On April 24th Daniel Haaksman releases his first official compilation, Black Atlantica Edits, a ten-track album full of vintage and current tracks that he has reworked for the dancefloor. Haaksman’s concept was to explore the Afro-Latin diaspora from across Africa and the Americas. It is a nod to Paul Gilroy’s seminal work “The Black Atlantic: Modernity and Double Consciousness.” In it Gilroy argues that lacking a nation, Black people have instead created a nationalism through the shared culture of the Black Atlantic. Gilroy posits that Black people have created a shared regional culture that transcends borders and language. Whether they live in Africa, the Caribbean or the UK, Black people have constructed a shared culture shaped by art, literature and importantly, music. Haaksman added the “a” to Atlantic to include the non-English speaking peoples of Angola, Brazil and the rest of South America, all who have been touched by the diaspora.
On its surface, the album is pretty great. The opening track “Me Gritaron Negra!”, originally by Victoria Santa Cruz (Peru), is not quite as hard-hitting and “club-ready” as the others, and to be honest, I found it boring initially. But that was my own unwillingness to actually hear it. Once I really sat with it I found the song to be immensely important. Santa Cruz is singing about the hardship of being Black. The song is a poem she wrote to call out the colourism and prejudice within the Latino community against Afro Latinos. In the poem Santa Cruz owns Blackness. She is holding up a mirror to the rest of us, challenging our assumptions and prejudice. The song is important and the perfect opener to an album about Black creation of culture. It sets the stage well.
“Sunny Crypt” by Francis Bebey (Cameroon) is my favourite, the flute starts off quiet and a bit melancholy. Quickly, it gets faster and more excited, almost happier, but maintains that quiet melancholic layer underneath. It feels like Haaksman accidentally made the perfect theme song for self-isolation. As the sun gets brighter and we open our windows hoping to catch that sense of freedom from the birds and flowers, we are stuck. Sure we are home, and yes we have all the entertainment options we ever did, some of us have even discovered new ones, but the fact remains that we are stuck. Our homes have become that sunny crypt, beautiful and sad in equal measure.

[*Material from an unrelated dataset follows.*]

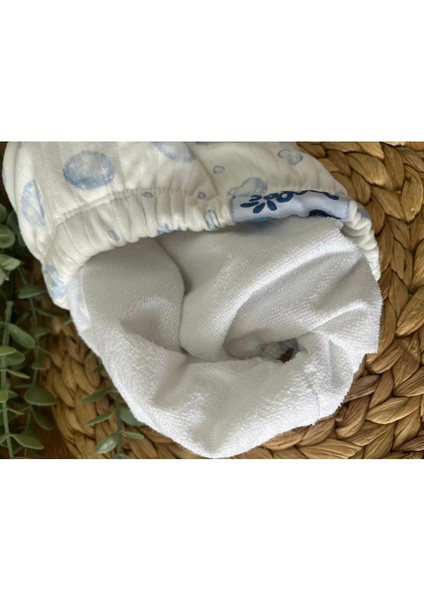 Desenli Erkek Bebek Alıştırma Külot indirimleri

“Vamos Farrear” by Pinduca (Brazil) is another favourite. The original was vintage gold. It was already a joyful celebration song, after all, “farrear” means party. Haaksman, however, has created a much more fast-paced and updated song. Haaksman sped up the vocals and made it into something full of urgency and excitement. It’s really a lovely homage that can remind us of who we’ve been and the potential we have to create what we become next.
Objectively Black Atlantica Edits is a great album, Haaksman managed to create something easy and exciting to listen to. It’s an album that celebrates Black creation, but I couldn’t help wondering why? Music is universal and people are allowed to make whatever kind of music they choose, but why would a white man make what is essentially a Black power album? Black Atlantica Edits beautifully celebrates Black creation and imagination and I love that, but it doesn’t sit well with me. I run up against this dilemma a lot. In the search for new music for my shows, I often find great music by white musicians and I struggle with whether or not to play it. My main goal is always to expose people to new sounds while uplifting and highlighting Latinx culture. Where do white creators fall in that? Haaksman credits himself as bringing Baile Funk, a sound created in the favelas of Brazil derived from Miami Bass and Gangsta Rap, to the masses. And while that may be fair to say, it feels like Erasure, feels like Elvis. It feels like a musical White Savior. Yes, the album feels empowering but why does that come from a white man? Why, does a white man need to put himself so far upfront? The idea is great, but there are so many ways it could have been great while centering Black creators. He could have silently supported, produced or collaborated with any number of musicians and in the process really celebrated Black imagination. It feels like Haaksman set out to celebrate Black creativity, and was successful in that, but it’s bittersweet.